Un mes antes, Lionel Richie, que estaba en la cúspide con “All Night Long”, había recibido el llamado de su manager, Ken Kragen, un nombre tan conocido en la industria de la música como las figuras a las que representaba, quien le pasó un mensaje de Harry Belafonte: cómo era posible que, en Reino Unido, Bob Geldof hubiera juntado a un supergrupo de músicos para grabar una canción navideña a beneficio de Etiopía (“Do They Know It’s Christmas?”) y nadie “del otro lado” hubiera hecho el más mínimo esfuerzo. La pregunta translucía una verdad incómoda: hay tipos blancos juntando plata para paliar la hambruna en África pero no hay artistas negros en una causa para su propia gente.
Esa llamada fue el germen de USA for Africa y el grandioso himno “We Are the World”, que compusieron Richie con Michael Jackson en pocos días y cuya grabación, a la que se sumaron 46 de las estrellas más fuertes de ese momento, fue un milagro. Un sueño de esos que solo se le pueden atribuir a los efervescentes años 80, esa época en la que los artistas jóvenes pensaban que podían cambiar el mundo y nosotros, los niños -le hablo a la Generación X- de muchas latitudes, que pasábamos horas escuchando discos y casetes, y viendo en TV el carnaval de pelos revueltos de Cindy Lauper, las charreteras doradas de Michael -¡que hasta tenía el poder de caminar y encender las baldosas a su paso, en el clip de “Billie Jean”!-, la fuerza de Tina Turner, esa otra Mujer Maravilla, sin capa pero con vestidos rojos y dos piernas que eran armas letales, estábamos seguros de que también, todo iba a ser posible porque esos eran nuestros artistas. Y además estaban Stevie Wonder, que era pura sonrisa y solo llamaba para decirnos que nos amaba, y Bruce… Bruce (Springsteen, claro), el defensor de causas nobles con voz sucia, que miraba fijo a la cámara, vestía siempre jeans gastados como si acabara de salir de una obra en construcción y sacaba a bailar a las chicas de las primeras filas en sus propios conciertos. ¿Cómo no íbamos a poder ayudar? ¿Cómo no íbamos a luchar contra las injusticias? ¿Cómo no íbamos a ser aún más felices?

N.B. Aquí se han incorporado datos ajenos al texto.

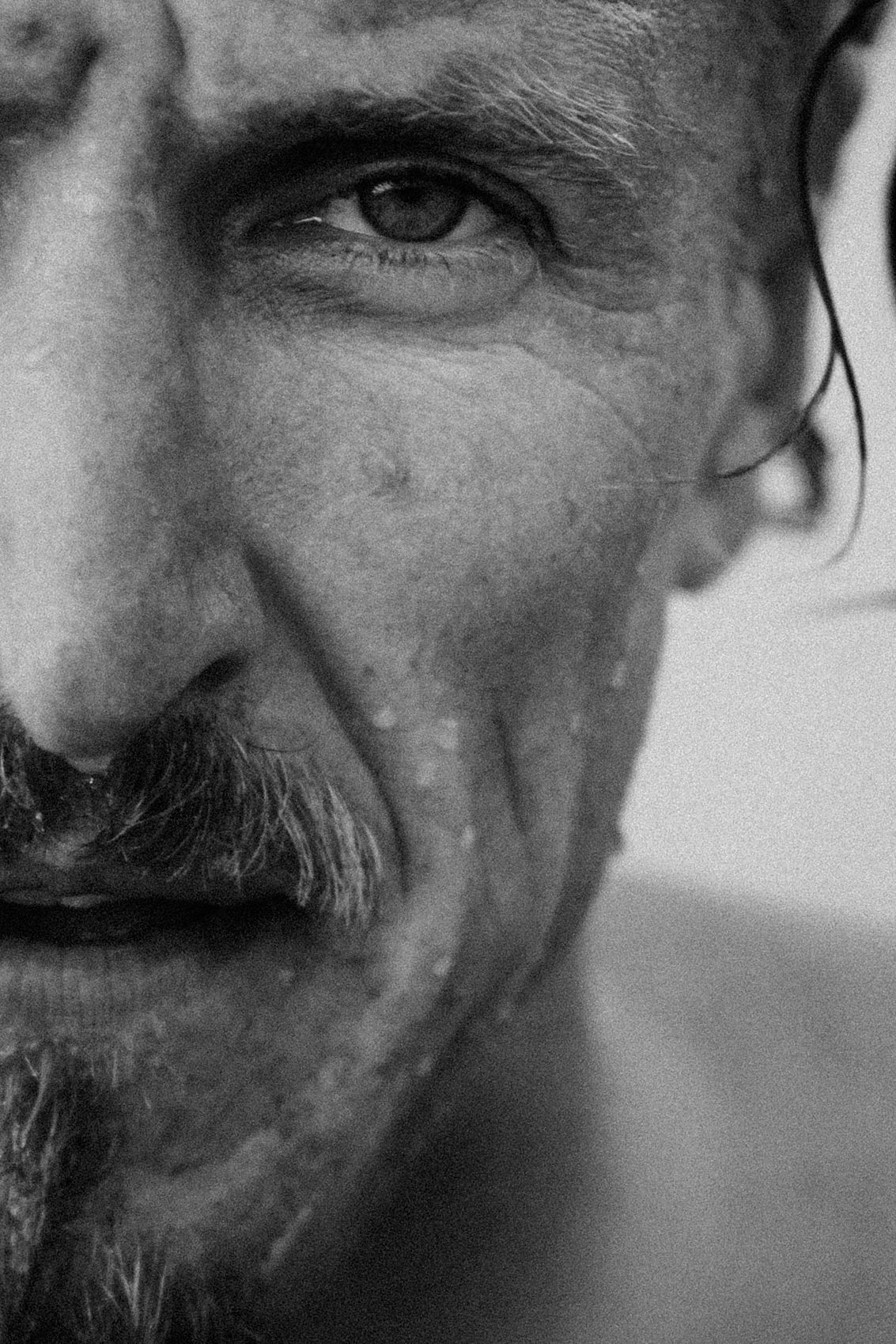 Close up black and white portrait showing half of a bearded man's smiling face.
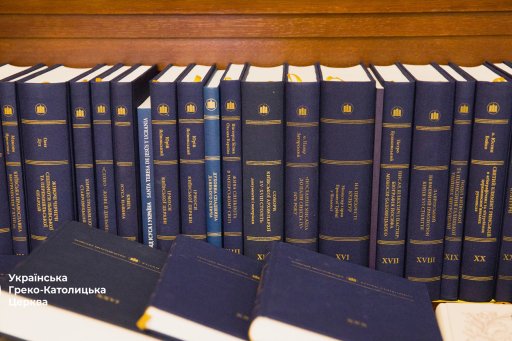 Étagère en bois sur laquelle sont rangés des livres à couverture rigide bleue avec des titres dorés, principalement en ukrainien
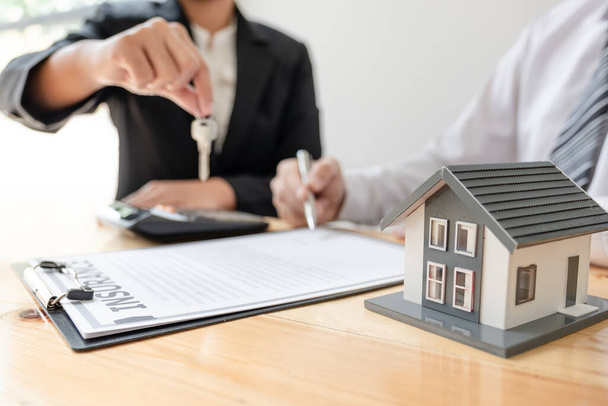 Real estate agent broker hand over the house key to the new owner after completing the signing according to agreement renting a house and buy house insurance Home insurance concept. - 写真・画像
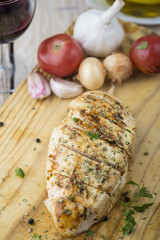 Marinated grilled healthy chicken breasts cooked on a summer BBQ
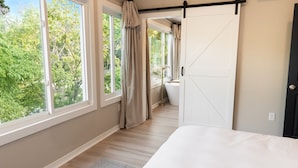 Une chambre dotée d’une grande fenêtre, d’une porte coulissante et donnant sur un balcon.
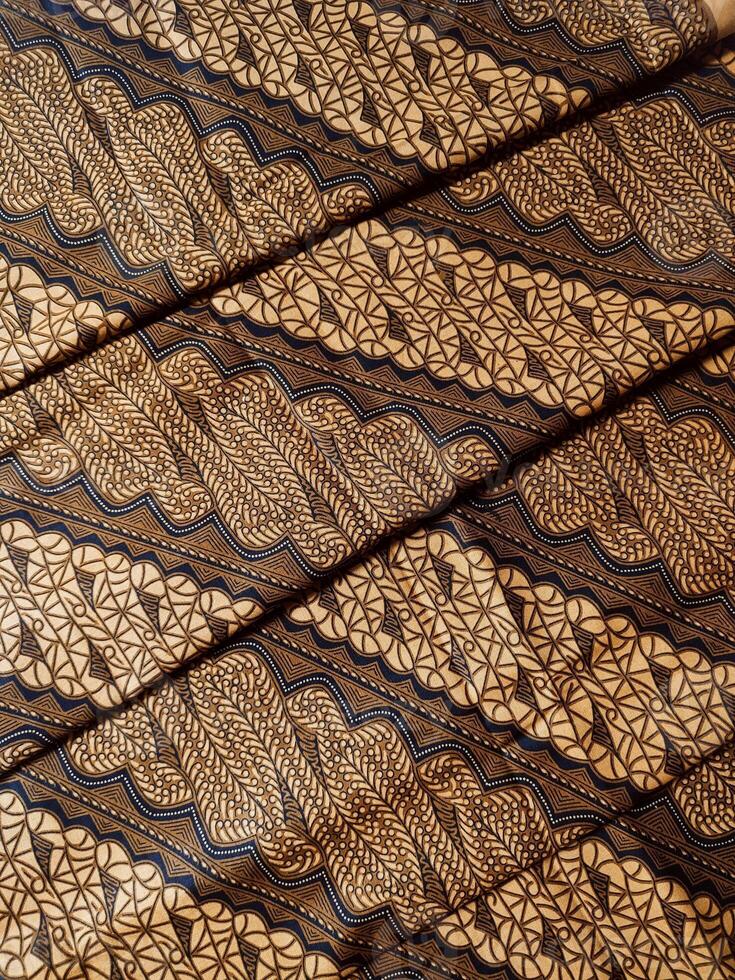 Black and gold patterned fabric photo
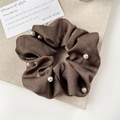 Detail of coffee brown satin scrunchie with elegant pearl accents on beige fabric - Brown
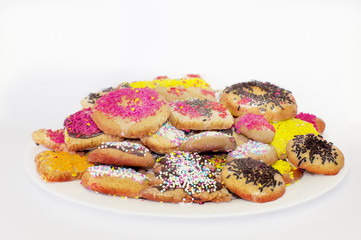 White plate with colored biscuits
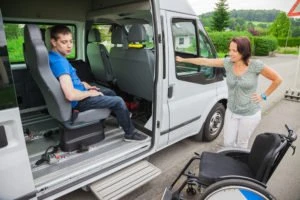 boy in a wheelchair is picked up for school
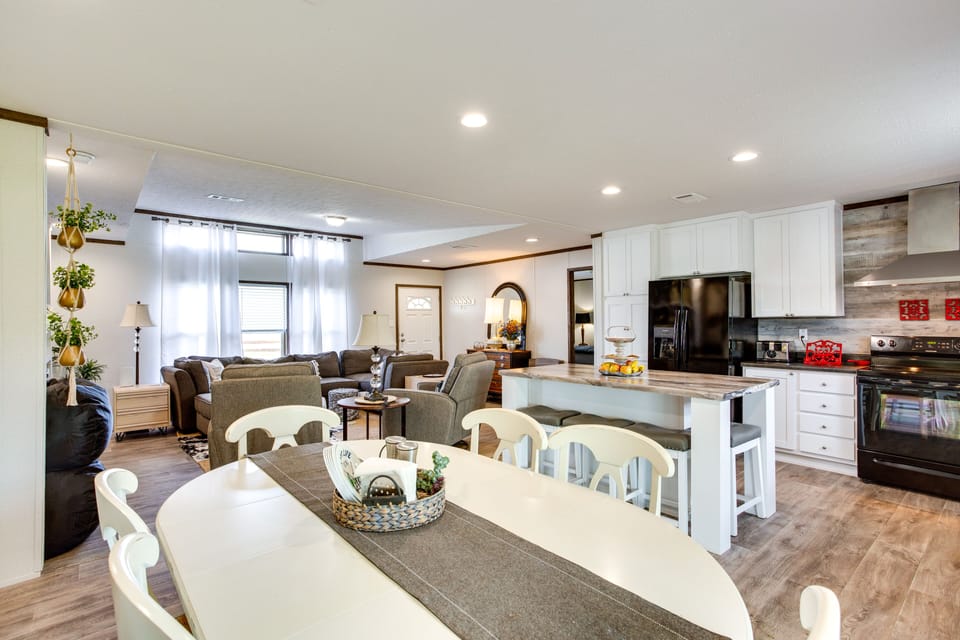 Dining Area | Dishware & Flatware Provided | Breakfast Bar w/ Additional Seating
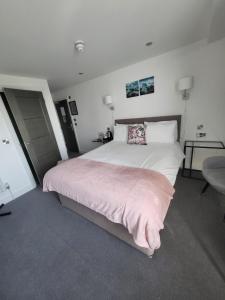 a bedroom with a large bed with a pink blanket at Q8 Boutique Hotel in Portsmouth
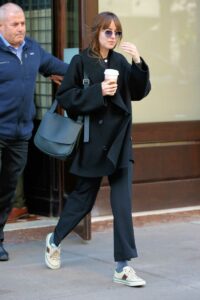 Dakota Johnson in a Black Coat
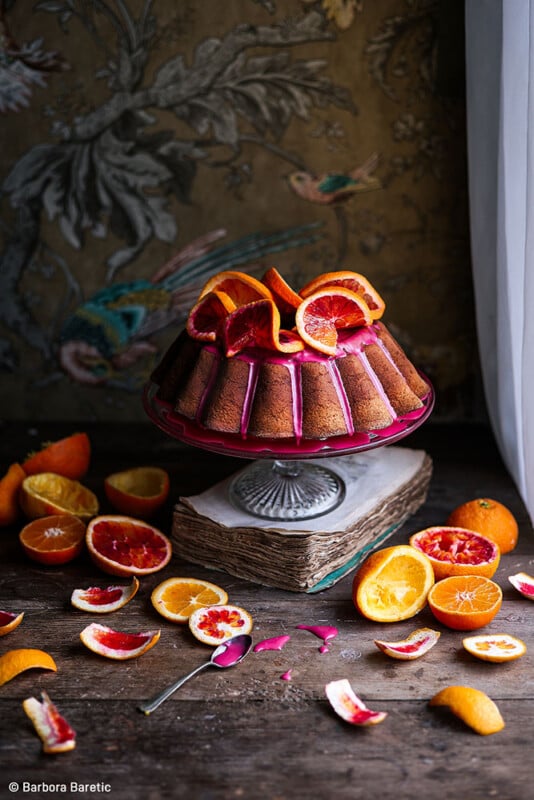A bundt cake with a pink glaze, topped with slices of various citrus fruits, sits on a decorative stand over an old book. Surrounding the cake on the rustic wooden table are scattered citrus fruits and peel segments, with a floral wallpaper backdrop.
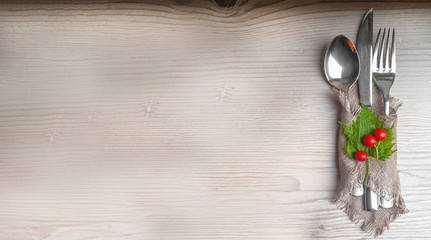 Thanksgiving autumn place setting with cutlery and arrangement of green leaf, red berries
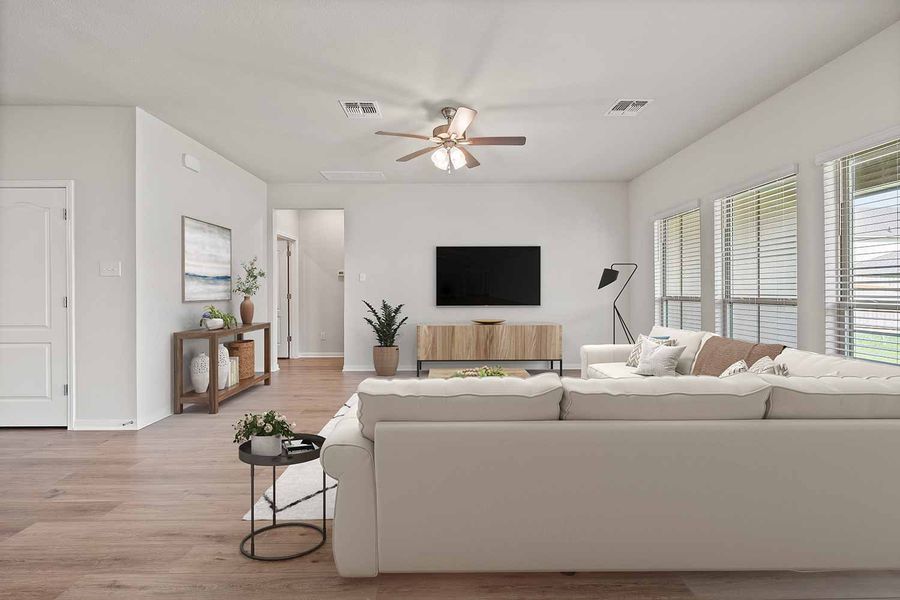 Representative furnished interior of a home built from the Fuller by Omega Builders in Southern Pointe, College Station (Image 7).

El cuento completo de cómo esa noche de 1985, gracias a una logística que fue una oda a lo analógico (sin email, celulares ni MP3), se grabó un hit que vendió 20 millones de copias y recaudó 63 millones de dólares (178 millones ajustados a 2024) lo registra el documental La gran noche del pop, que estrenó días atrás Netflix.
El revival me conectó con una punzante ironía: hoy, aun con tanta tecnología a la mano, repetir una gesta similar con los artistas que dominan los rankings sería, llanamente, una quimera. Sí, el colorido de los 80 se opacó hace rato, como una tela malograda por el tiempo. La fiesta, bien lo sabemos, se terminó. Pero adentro de ese salón trasnochado donde tanto nos divertimos y en el que ahora hay vasos vacíos y guirnaldas raídas quedaron también atrapadas las ganas, el altruismo, las voces de denuncia de una generación de músicos que hizo algo más que batirse el pelo y usar chaquetas de lentejuelas. Hoy, muchos de los artistas que agotan shows en minutos y rompen récords se quedan mudos cuando se les pregunta por temas sociales. Y en los recientes Grammy, la cantante pop del momento agradeció su trofeo diciendo que iba a revelarnos “un gran secreto”: la salida de su próximo álbum (Deje su ego en la entrada).
Tal vez está bien. El mundo quizás sea un lugar mejor ahora que viene un nuevo disco de Taylor Swift. De todas maneras, la canción más escuchada la semana pasada en los EE.UU. fue una de 1988, “Fast Car”, de Tracy Chapman, que reapareció en el escenario de esos mismos premios, sencilla como siempre fue, y no anunció nada. Con su voz de río revuelto hizo algo mucho más hermoso: cantó.